(Beginning of Collected material)

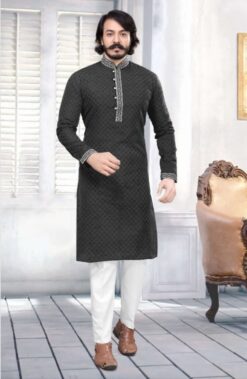 Sumshy Radhey Designer Silk Jacquard Mens Kurta Pajama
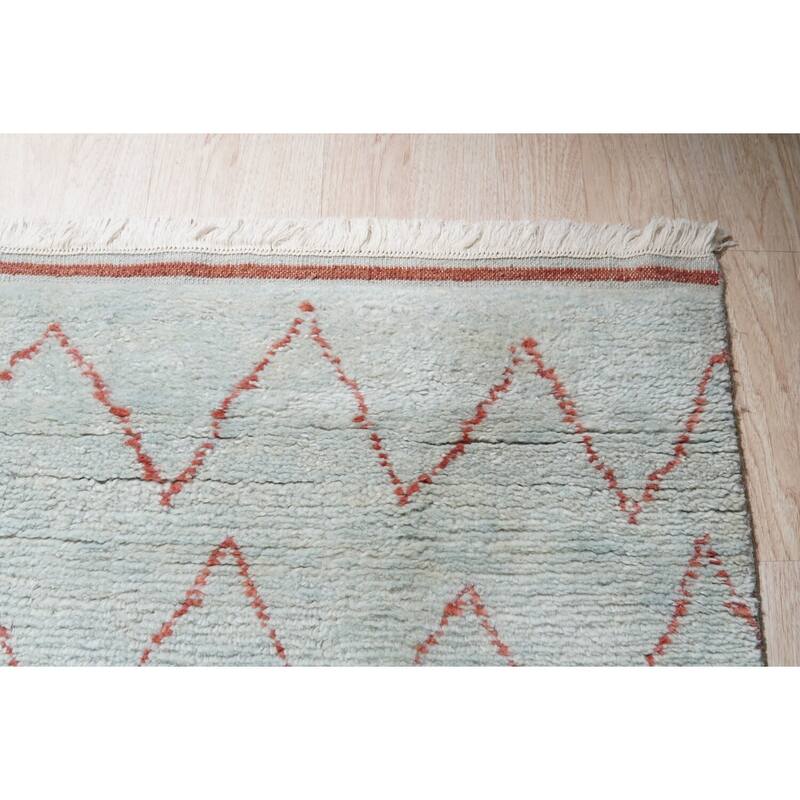Light Blue Hand-Knotted Wool Moroccan Rug, 9' x 12', plush elegant floor accent - L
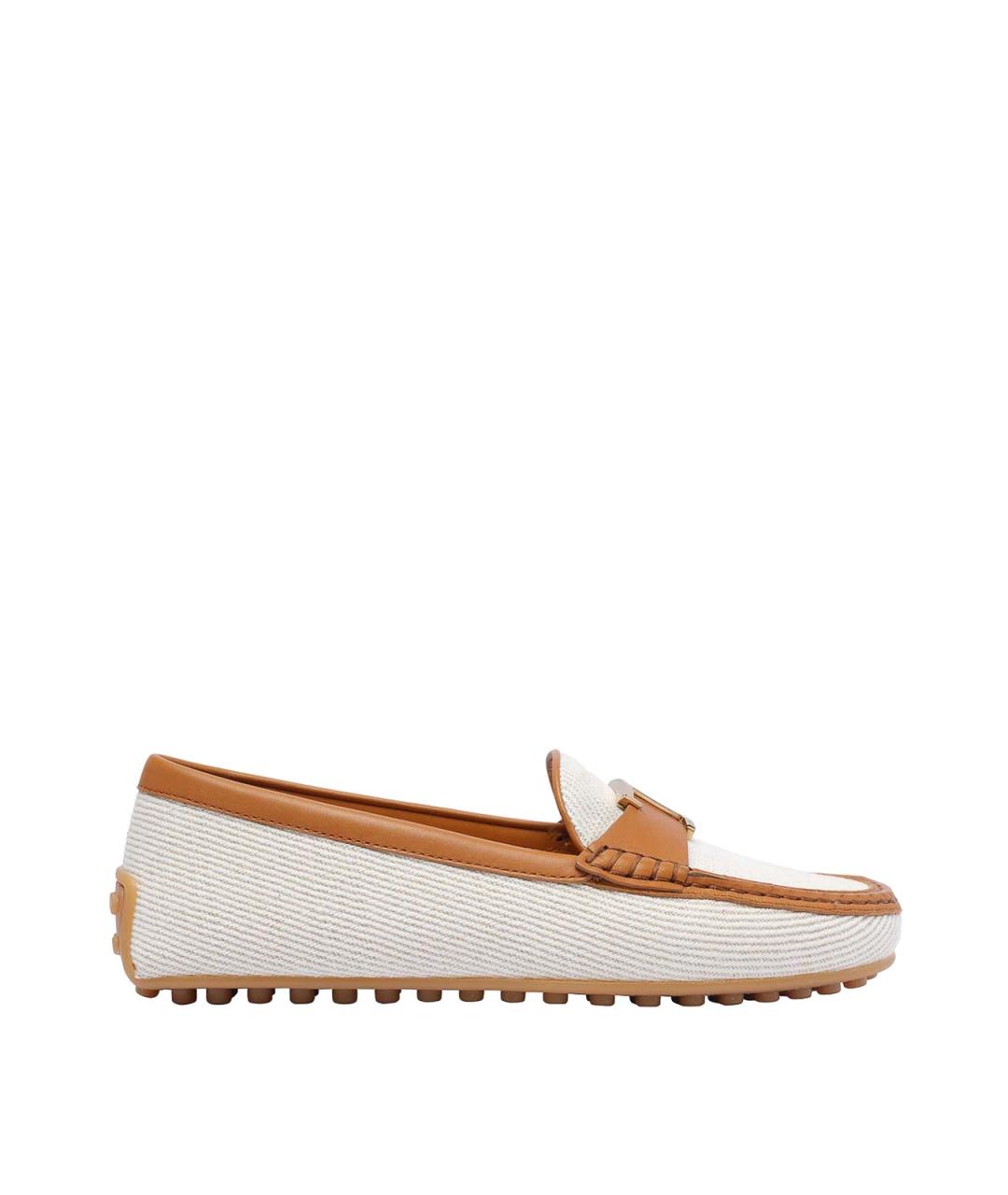 TOD'S Бежевые кожаные лоферы, фото 1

(End of Collected material)

• Your goal: Every line from the one containing "Light Blue Hand-Knotted" to the end of the material above is to be returned exactly, with the pictures left out.

• Answer space:
Light Blue Hand-Knotted Wool Moroccan Rug, 9' x 12', plush elegant floor accent - L
 TOD'S Бежевые кожаные лоферы, фото 1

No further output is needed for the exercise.